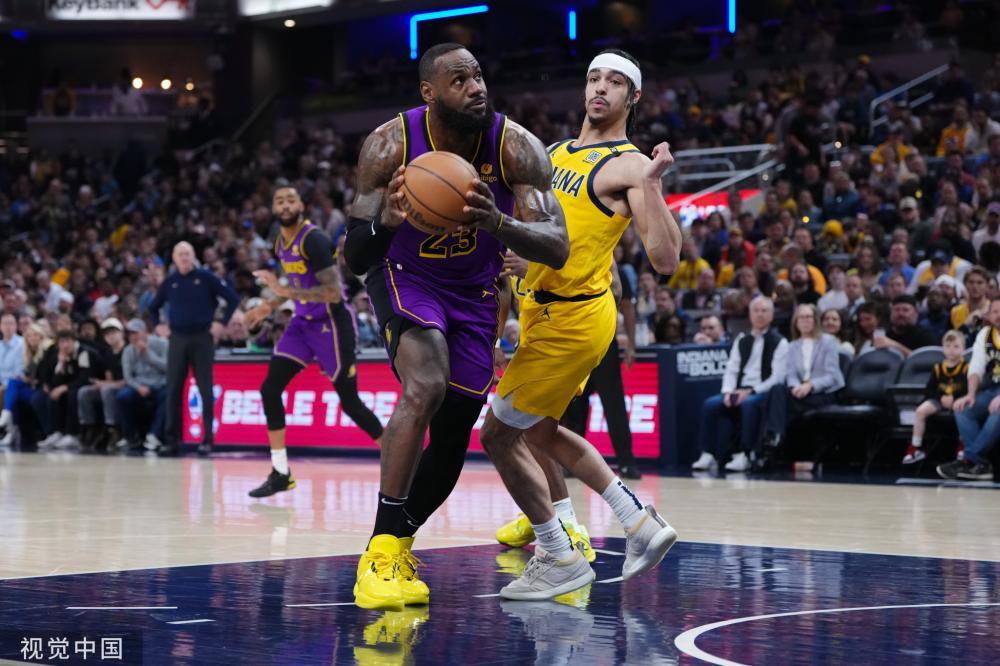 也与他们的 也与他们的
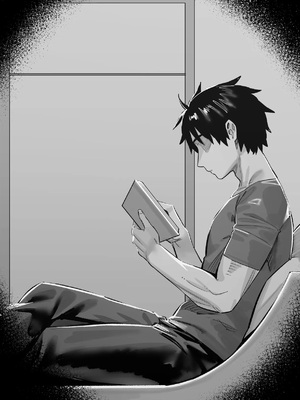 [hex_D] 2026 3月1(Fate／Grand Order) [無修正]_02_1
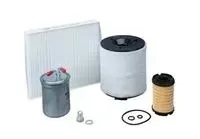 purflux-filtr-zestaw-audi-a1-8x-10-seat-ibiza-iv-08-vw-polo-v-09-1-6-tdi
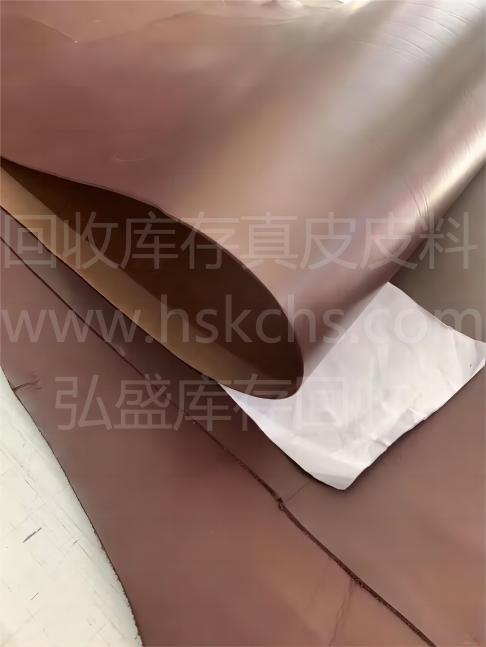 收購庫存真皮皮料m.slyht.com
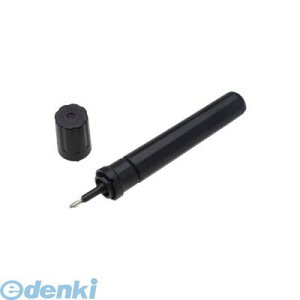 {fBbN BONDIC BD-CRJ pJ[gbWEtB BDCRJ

□ □ □

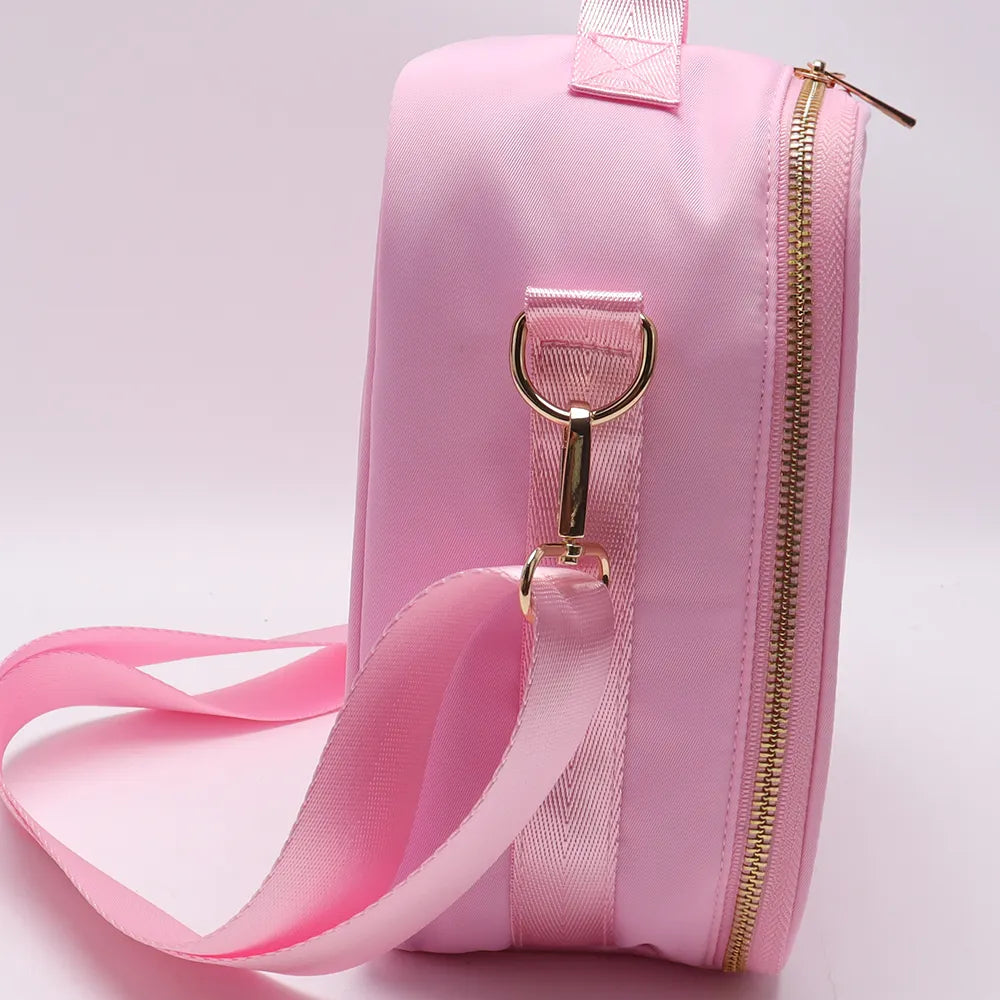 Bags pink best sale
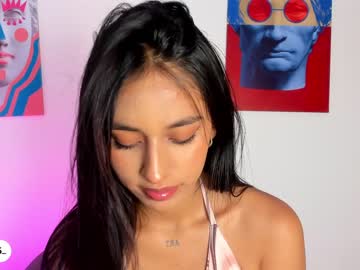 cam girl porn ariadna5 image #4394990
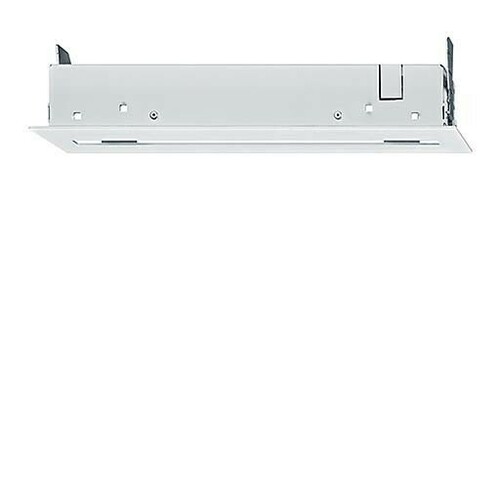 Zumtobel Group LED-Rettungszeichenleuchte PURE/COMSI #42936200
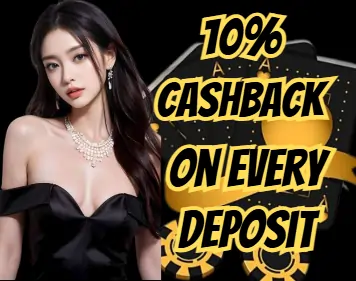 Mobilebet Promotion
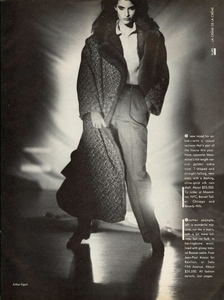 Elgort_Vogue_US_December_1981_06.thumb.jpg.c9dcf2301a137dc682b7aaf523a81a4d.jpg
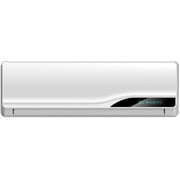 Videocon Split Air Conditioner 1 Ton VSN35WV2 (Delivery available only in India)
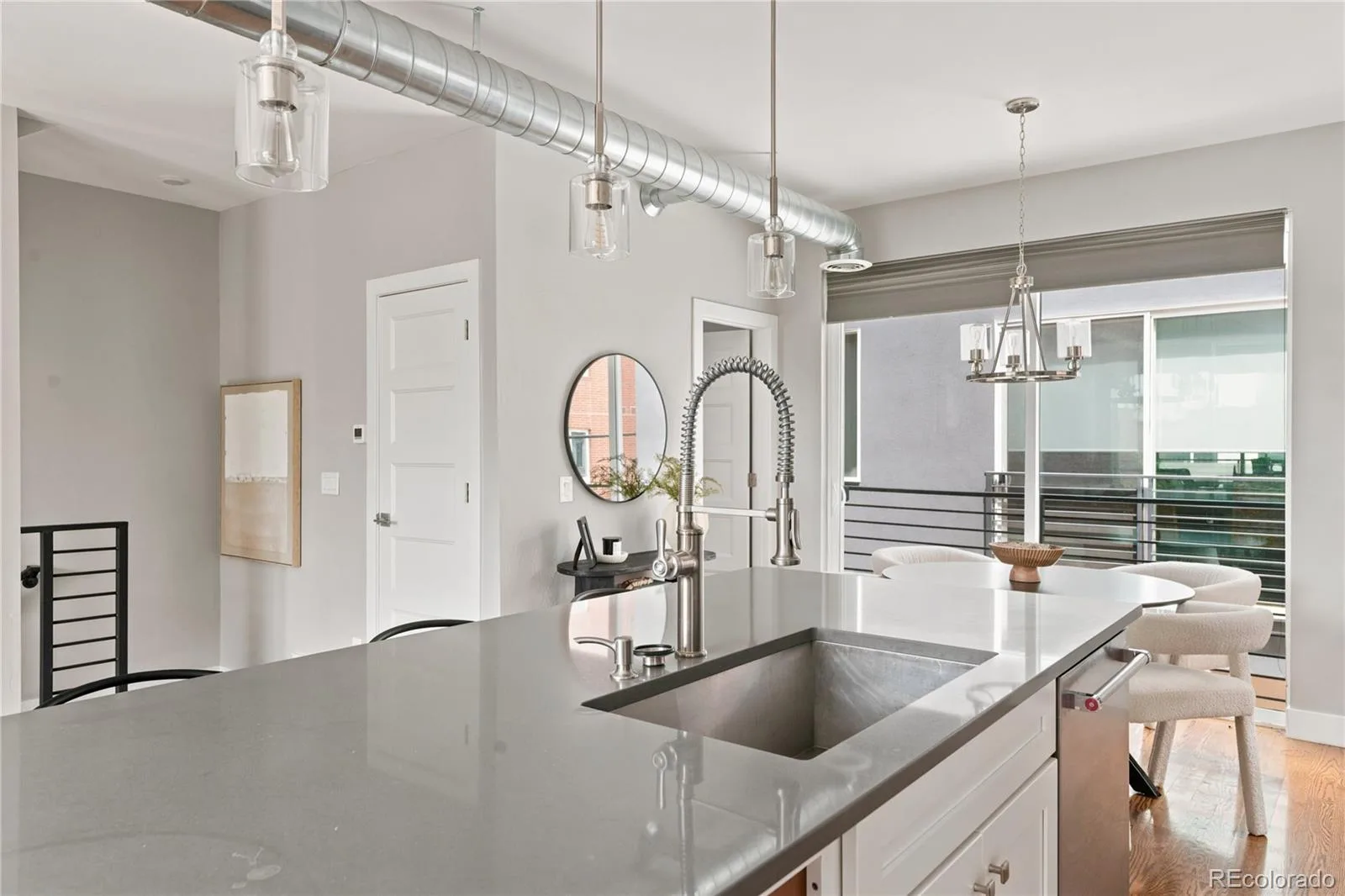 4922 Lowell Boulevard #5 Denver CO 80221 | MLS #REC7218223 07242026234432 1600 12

□ □ □

Task: Give again, exactly as written above, each line from the one that has "也与他们的 也与他们的" to the one that has "BD-CRJ pJ[gbWEtB BDCRJ", both included; omit the pictures.

Response box:
 也与他们的 也与他们的
 [hex_D] 2026 3月1(Fate／Grand Order) [無修正]_02_1
 purflux-filtr-zestaw-audi-a1-8x-10-seat-ibiza-iv-08-vw-polo-v-09-1-6-tdi
 收購庫存真皮皮料m.slyht.com
 {fBbN BONDIC BD-CRJ pJ[gbWEtB BDCRJ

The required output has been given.